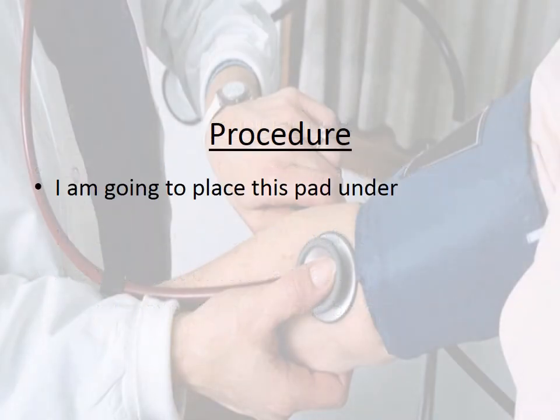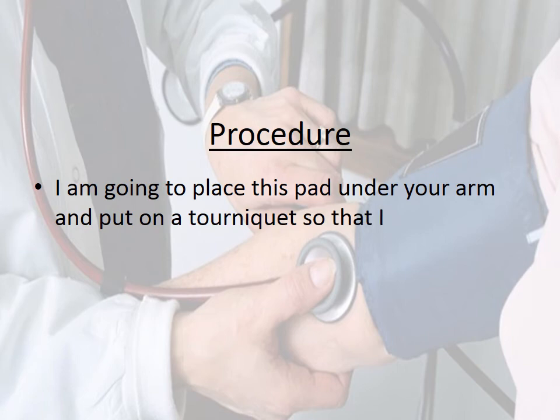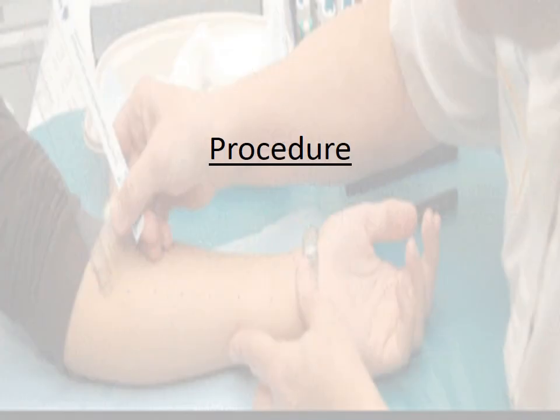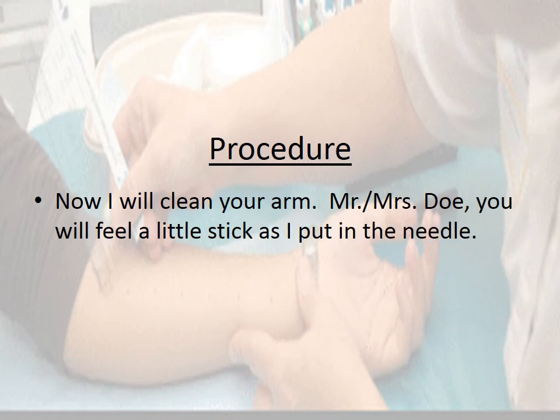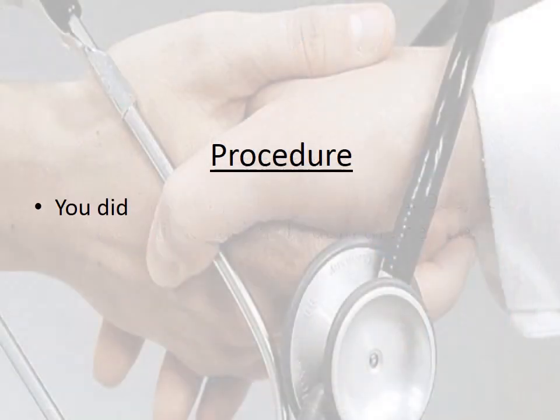I'm going to place this pad under your arm and put on a tourniquet so that I can see your veins better. Now I will clean your arm. You will feel a little stick as I put in the needle. You did great!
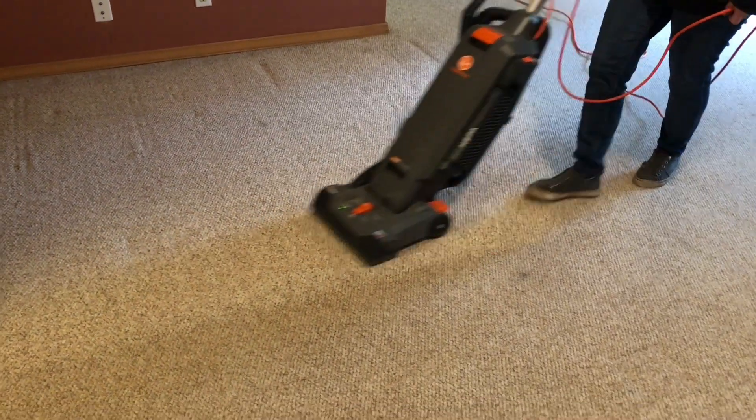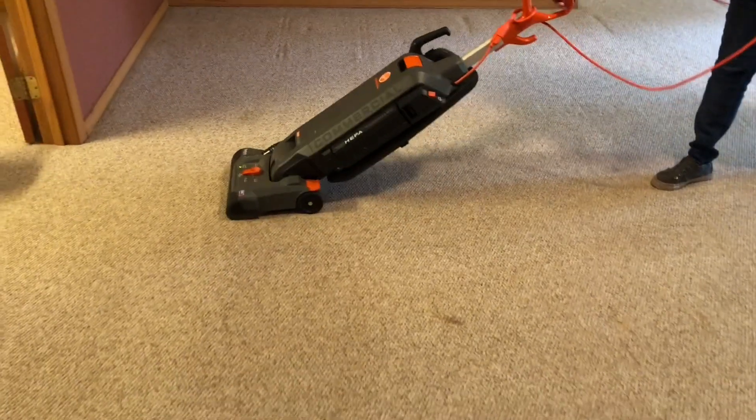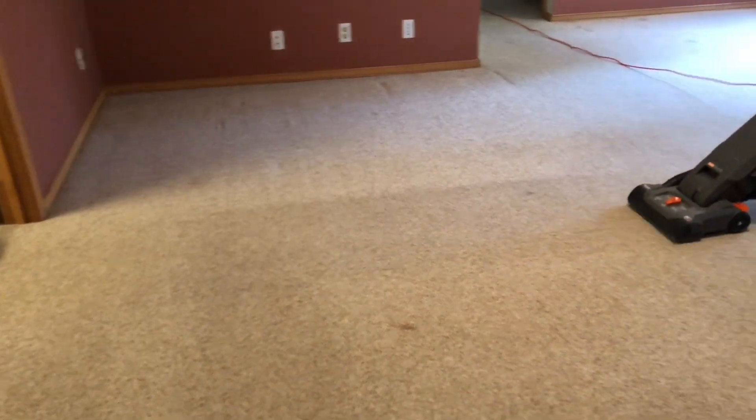What is up YouTubers? You know who it is — it's your boy Polly C, cleaning up another home. I do have my lovely wife helping me today. These are really old, kind of an eggshell Berber carpet.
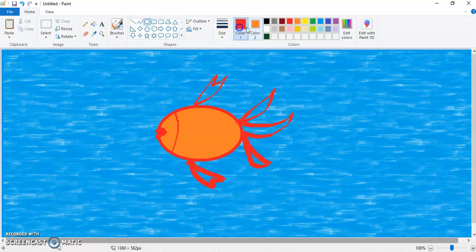To make the eyes, take the oval tool and take black color in both color 1 and color 2, and draw a circle. Now let's take white color in color 1 and color 2 and draw a small white circle inside the black circle.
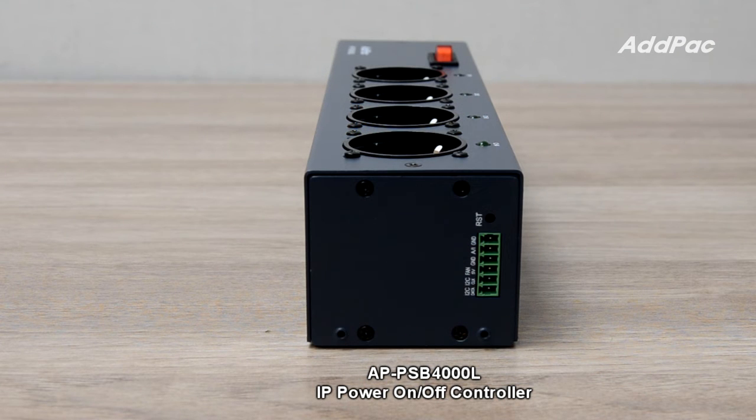APPSV 4000L is designed to be applied in various environments by supporting an I2C interface, fan control interface, and alarm interface on the rear part.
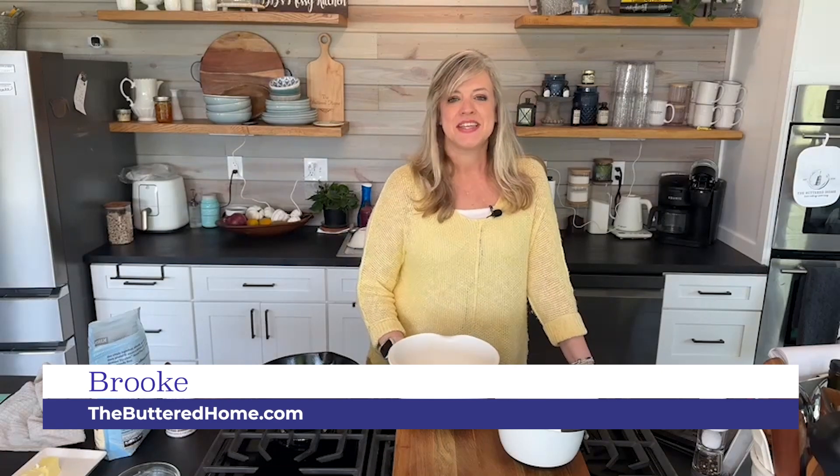Hey everybody, it's Brooke with The Buttered Home, and welcome to My Messy Kitchen. Today we have a delicious recipe to share with you. We're going to be showing you how to make these easy, low-carb Johnny Cakes. They're a perfect accompaniment to any meal you might have, and if you love Johnny Cakes, you will love this almond flour version — you will not be able to tell the difference. So stay with us.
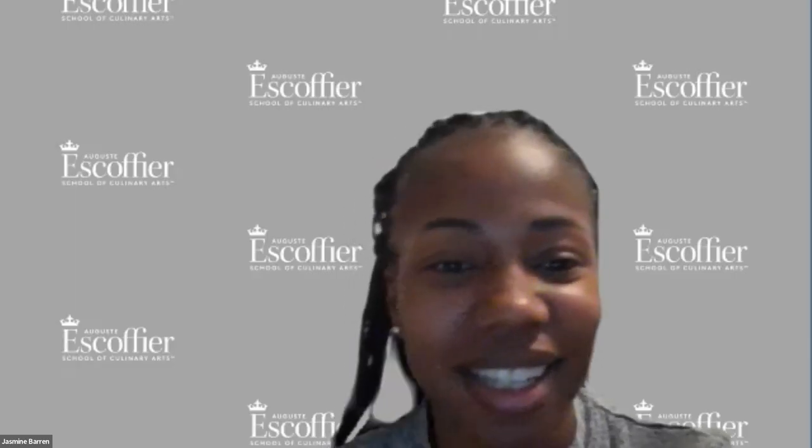Thank you again, Chef. I hope you all enjoyed the presentation as much as I did. Thank you. Bye.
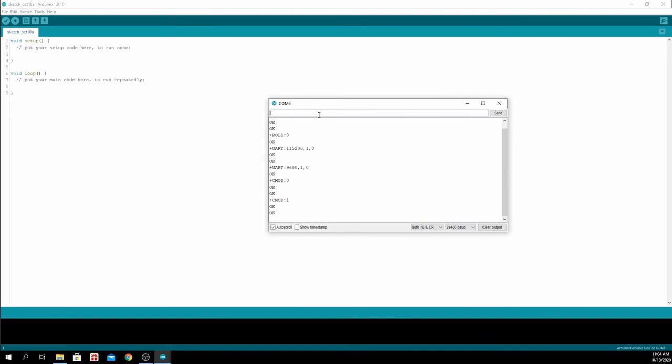To reset the module to its default settings, type AT+ORGL — but I'm not going to do that. To change the password, type AT+PSWD= followed by your desired PIN code.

REQUIRED WORK: Only the lines from the one containing "APPSV 4000L is" through the last line of the entries, both included, should be repeated exactly, and the pictures should be left out.

RESPONSE AREA:
APPSV 4000L is designed to be applied in various environments by supporting an I2C interface, fan control interface, and alarm interface on the rear part.
Hey everybody, it's Brooke with The Buttered Home, and welcome to My Messy Kitchen. Today we have a delicious recipe to share with you. We're going to be showing you how to make these easy, low-carb Johnny Cakes. They're a perfect accompaniment to any meal you might have, and if you love Johnny Cakes, you will love this almond flour version — you will not be able to tell the difference. So stay with us.
Thank you again, Chef. I hope you all enjoyed the presentation as much as I did. Thank you. Bye.
To reset the module to its default settings, type AT+ORGL — but I'm not going to do that. To change the password, type AT+PSWD= followed by your desired PIN code.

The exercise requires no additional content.